## Activity
Lines from the one containing "پاکت خارجی طلقی مات بزرگ مشکی بسته 12عددی" through the final line of the data, restated word for word and free of pictures, make up the whole answer.

## Input for this task
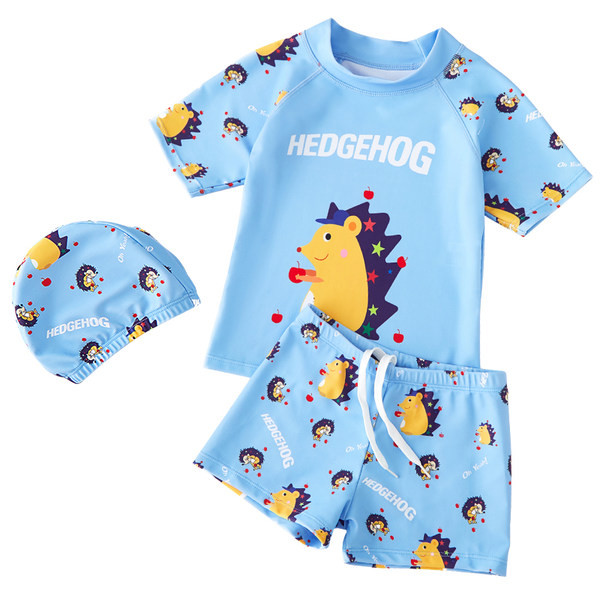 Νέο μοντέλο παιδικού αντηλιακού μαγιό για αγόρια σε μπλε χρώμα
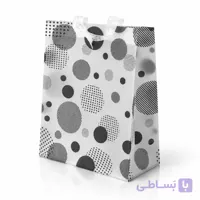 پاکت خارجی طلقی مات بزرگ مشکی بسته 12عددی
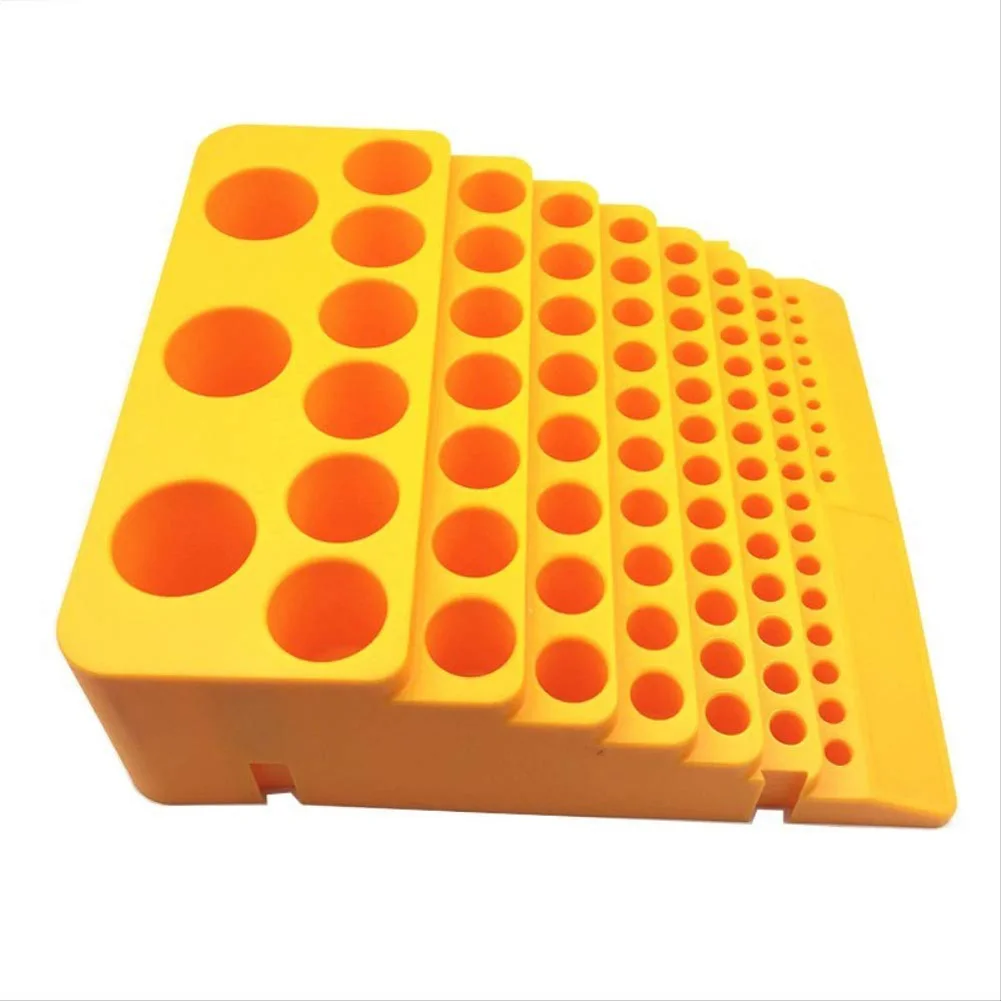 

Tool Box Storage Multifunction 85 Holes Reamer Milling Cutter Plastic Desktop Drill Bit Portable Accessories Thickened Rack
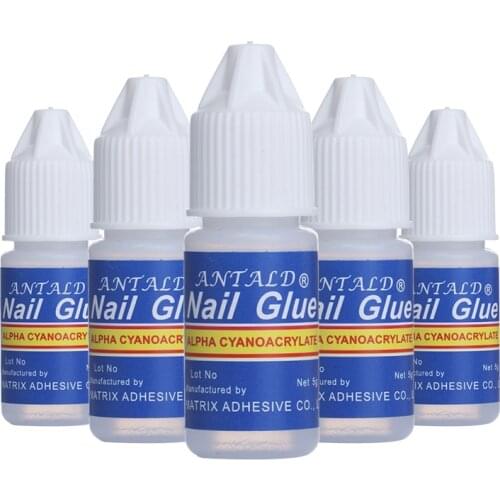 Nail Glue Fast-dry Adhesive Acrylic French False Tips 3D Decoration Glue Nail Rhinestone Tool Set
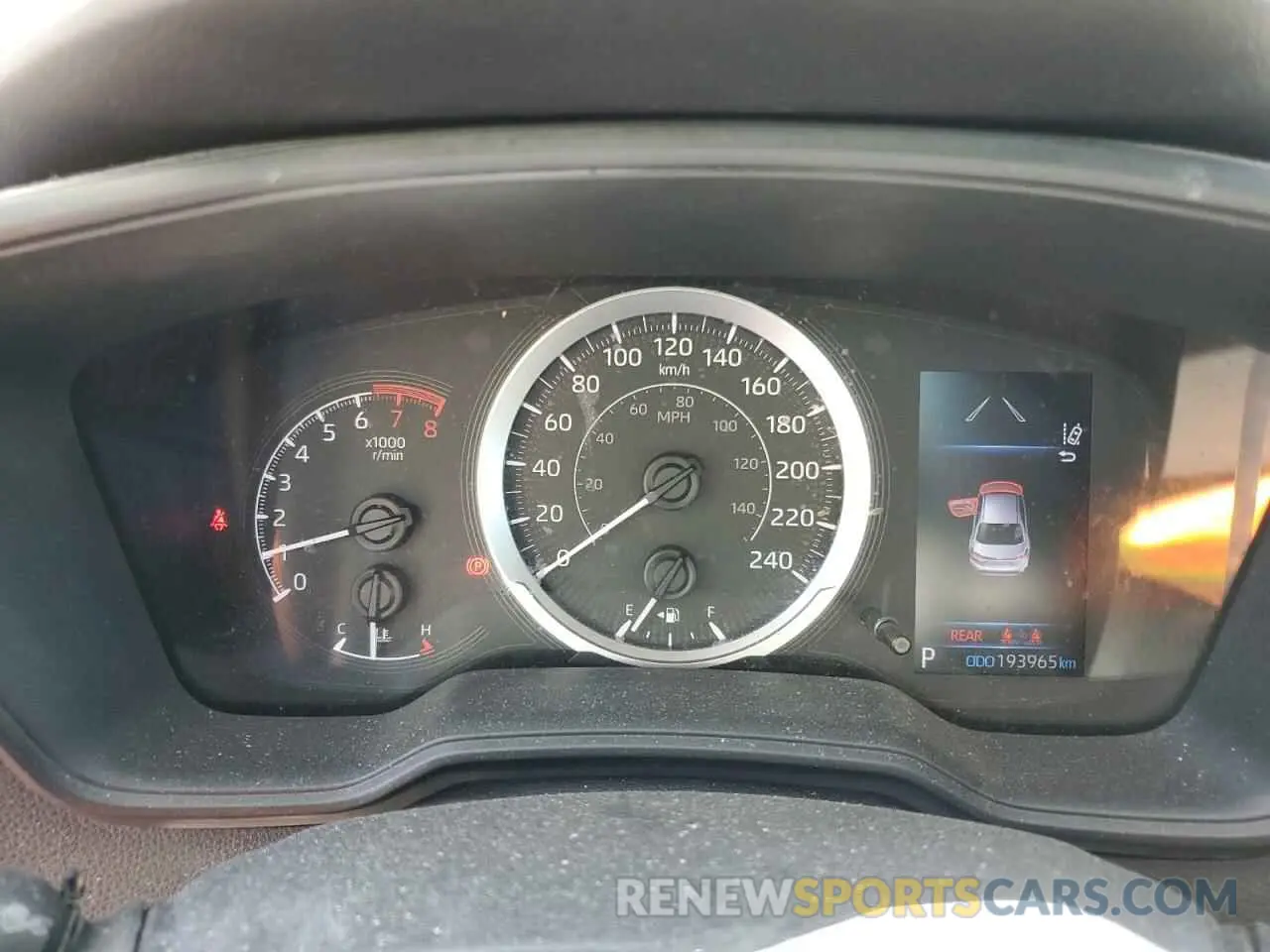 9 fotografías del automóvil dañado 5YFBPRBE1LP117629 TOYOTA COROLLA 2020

## Result
 پاکت خارجی طلقی مات بزرگ مشکی بسته 12عددی

Tool Box Storage Multifunction 85 Holes Reamer Milling Cutter Plastic Desktop Drill Bit Portable Accessories Thickened Rack
 Nail Glue Fast-dry Adhesive Acrylic French False Tips 3D Decoration Glue Nail Rhinestone Tool Set
 9 fotografías del automóvil dañado 5YFBPRBE1LP117629 TOYOTA COROLLA 2020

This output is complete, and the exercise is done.